Current Investigations in Agriculture and Current Research

Opinion(ISSN: 2637-4676)

The Role of Water-Food-Energy Nexus in Achieving Sustainable Agriculture Volume 8 - Issue 3

Jacques Ganoulis*

  • UNESCO Chair for Water, Aristotle University of Thessaloniki, Greece

Received: March 02, 2020;   Published: March 10, 2020

Corresponding author: Jacques Ganoulis, UNESCO Chair for Water, Aristotle University of Thessaloniki, Greece

DOI: 10.32474/CIACR.2020.08.000290

Abstract PDF


The UN Rio declaration [1] has initiated in 1992 many international initiatives, research activities, academic programs, and policy frameworks, aiming to define and implement the concept of “sustainable development”. This term was first introduced in the report to the UN, established in 1987 by the World Commission on Environment and Development, chaired by Mrs. Brundland, Norway’s Prime Minister, commonly known as the Brundland Report [2]. Although the term “sustainable development” is until now not completely clear, it was understood as the development that combines socio-economic growth with environmental protection and social equity.
The majority of the UN Member States have agreed in 2000 to adopt eight “Millennium Development Goals” (MDGs) [3], that all have measurable targets for monitoring the progress made for achieving sustainability. Every target has a number of more particular indicators, some of them been related to water, energy, and food. For example, the seventh MDG on environmental sustainability has among others, the target of achieving safe drinking water and sanitation. The same MDG 7 refers to energy-related indicators, such as the amount of energy used per GDP, the population proportion using solid fuels and the CO2 emissions per capita. Also, different concerns on food production were formulated as a first priority in the MDG 1: Eradicate extreme poverty and hunger.
The UN General Assembly has adopted in 2015 a working plan named the “2030 Agenda for Sustainable Development” [4]. This global planning contains 17 Sustainable Development Goals (SDGs), many of which are related to water, energy and food. More precisely, the Goal 6: ensure availability and sustainable management of water and sanitation for all, the Goal 13: take urgent action to combat climate change and its impacts and the Goal 2: end hunger, achieve food security and improved nutrition and promote sustainable agriculture. According to UN Secretary-General António Guterres, climate change is the defining issue of our time. Due to high atmospheric concentrations of greenhouse gases emitted from different fossil energy sources, such as industries, cars and airplanes, climate change is becoming the most important challenge humanity faces today. Rise of the atmospheric temperature induces changes in precipitation patterns and also increase of hydrological extremes, such as floods and droughts. This means that again water and energy sustainability are the main keys to adaptation and mitigation under climate change. Concerning the goal of water security, the concept of Integrated Water Resources Management (IWRM), was introduced in 2000 by the Global Water Partnership, an NGO based in Stockholm, as the most appropriate framework for water security [5]. The main idea is that water management cannot be considered in isolation from other natural resources, such as the soil, the forests, and the water-related ecosystems and that a holistic and interdisciplinary approach taking into account economic and social considerations is more appropriate. In fact, the elements to integrate in this approach are not well defined and the implementation of IWRM in practice has revealed many difficulties. Based on similar concepts, the IWRM methodology has been adopted in 2000 by the European Union, as a policy framework, known as the EU Water Framework Directive (EU-WFD) [6]. The adoption of the EU-WFD by the European Member States is compulsory and failure to integrate the water directive into the national legal framework may induce fines from the European Court.
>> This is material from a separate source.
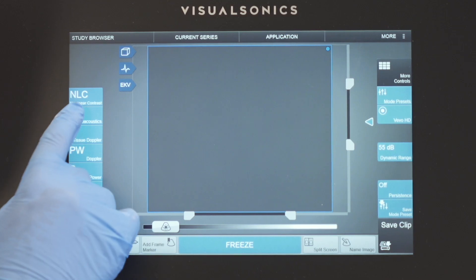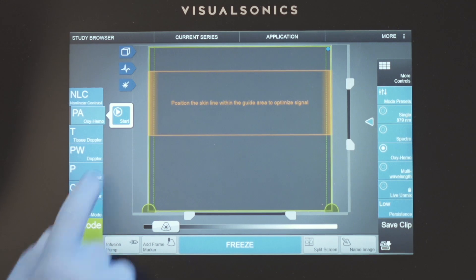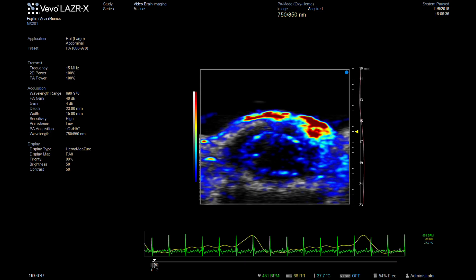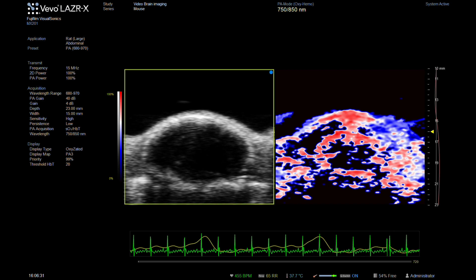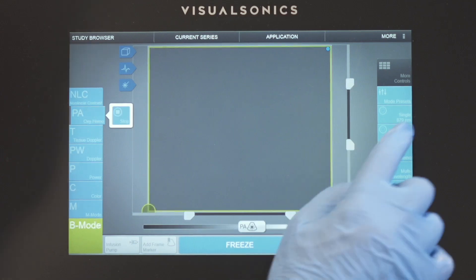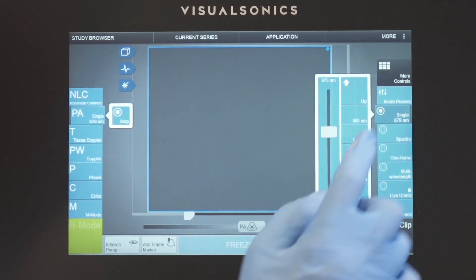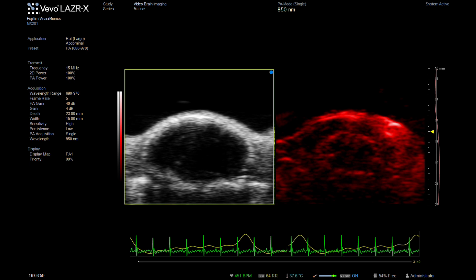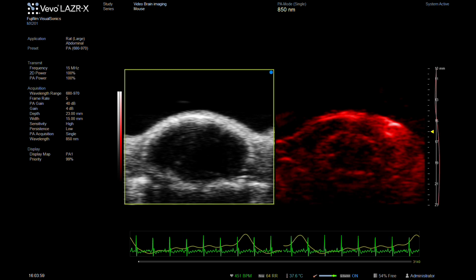Moving into photoacoustic mode means you can determine molecular parameters such as hemoglobin concentration and the average oxygen saturation. By selecting a single wavelength, we can detect the endogenous contrast, which comes from the blood and other tissue chromophores.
The Water-Energy-Food Nexus (WEF)

Water, energy, and food are three important resources inextricably linked in terms of mutual relationships and interactions. For example, increasing the use of water in agricultural irrigation generates supplementary energy consumption for transferring or pumping water. Plants producing food need water but from the other side, agricultural activities may increase groundwater pollution from pesticides and fertilizers. Water is also needed for energy production and in the opposite sense, the use of energy may increase the amount of wastewater and water pollution.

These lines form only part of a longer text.